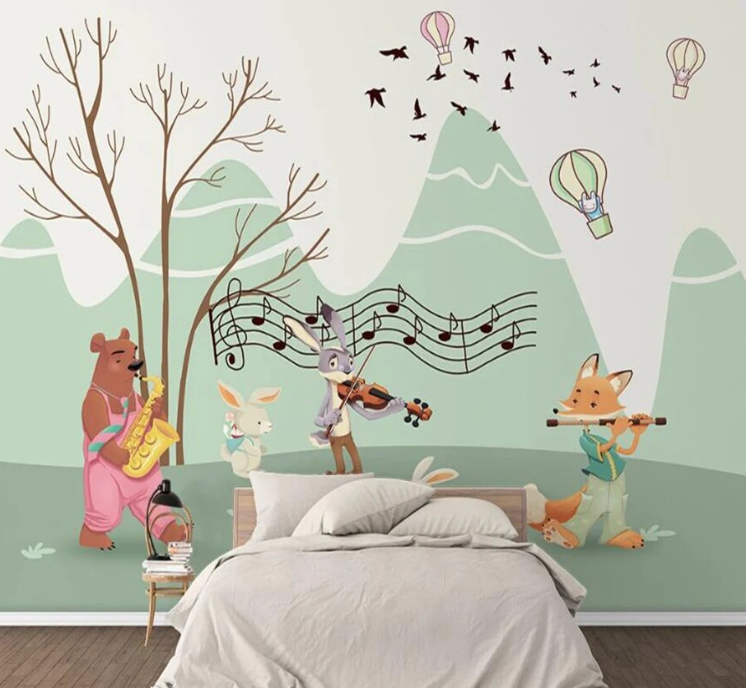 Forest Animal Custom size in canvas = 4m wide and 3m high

...

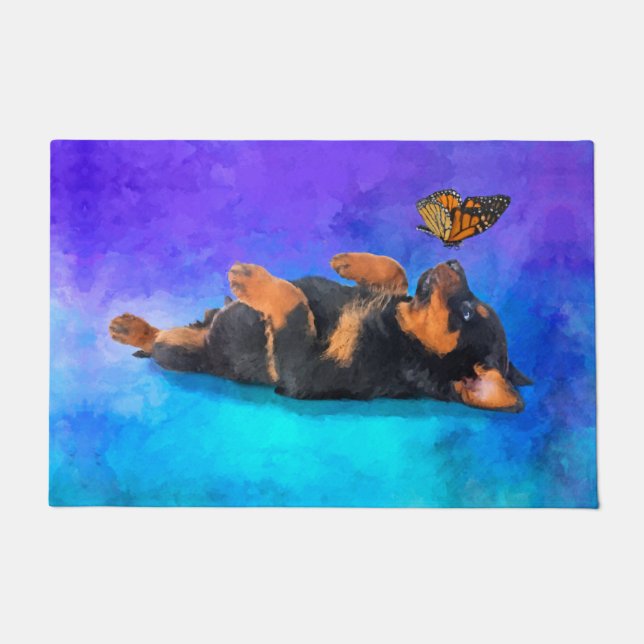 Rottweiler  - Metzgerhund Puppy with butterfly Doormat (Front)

==

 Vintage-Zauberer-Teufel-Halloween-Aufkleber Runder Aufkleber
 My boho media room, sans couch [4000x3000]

» Exercise requirements: Look above for the line containing "Vintage-Zauberer-Teufel-Halloween-Aufkleber Runder Aufkleber". Output from there through the line containing "My boho media room, sans couch [4000x3000]", exactly and inclusively.

» Answer below:
 Vintage-Zauberer-Teufel-Halloween-Aufkleber Runder Aufkleber
 My boho media room, sans couch [4000x3000]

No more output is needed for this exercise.